Data Mining and Modelling for Biomedicine, VIB Center for Inflammation Research, Ghent, Belgium.
Department of Applied Mathematics, Computer Science and Statistics, Ghent University, Ghent, Belgium.
Cytometry A. 2024 Nov;105(11):816-828. doi: 10.1002/cyto.a.24896. Epub 2024 Oct 1.

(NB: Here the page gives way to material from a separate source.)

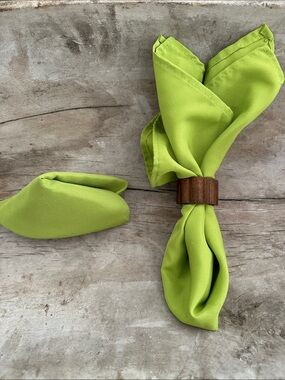 Set of 8 Lime Green Party Cloth Napkins.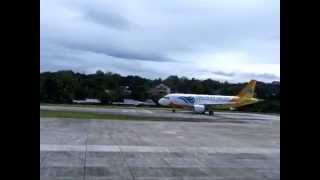 preview picture of video 'Cebu Pacific Air - Take off at Tagbilaran City Airport'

Imaging flow cytometry (IFC) provides single-cell imaging data at a high acquisition rate. It is increasingly used in image-based profiling experiments consisting of hundreds of thousands of multi-channel images of cells. Currently available software solutions for processing microscopy data can provide good results in downstream analysis, but are limited in efficiency and scalability, and often ill-adapted to IFC data. In this work, we propose Scalable Cytometry Image Processing (SCIP), a Python software that efficiently processes images from IFC and standard microscopy datasets. We also propose a file format for efficiently storing IFC data. We showcase our contributions on two large-scale microscopy and one IFC datasets, all of which are publicly available. Our results show that SCIP can extract the same kind of information as other tools, in a much shorter time and in a more scalable manner.
成像流式细胞术(IFC)以高采集率提供单细胞成像数据。它越来越多地用于基于图像的分析实验,这些实验包含数十万张细胞的多通道图像。目前用于处理显微镜数据的可用软件解决方案可在下游分析中提供良好的结果,但在效率和可扩展性方面存在限制,并且通常不适应 IFC 数据。在这项工作中,我们提出了可扩展的细胞术图像处理(SCIP),这是一个 Python 软件,可高效处理 IFC 和标准显微镜数据集的图像。我们还提出了一种用于高效存储 IFC 数据的文件格式。我们在两个大型显微镜数据集和一个 IFC 数据集上展示了我们的贡献,所有这些数据集都是公开可用的。我们的结果表明,SCIP 可以在更短的时间内以更具可扩展性的方式提取与其他工具相同的信息。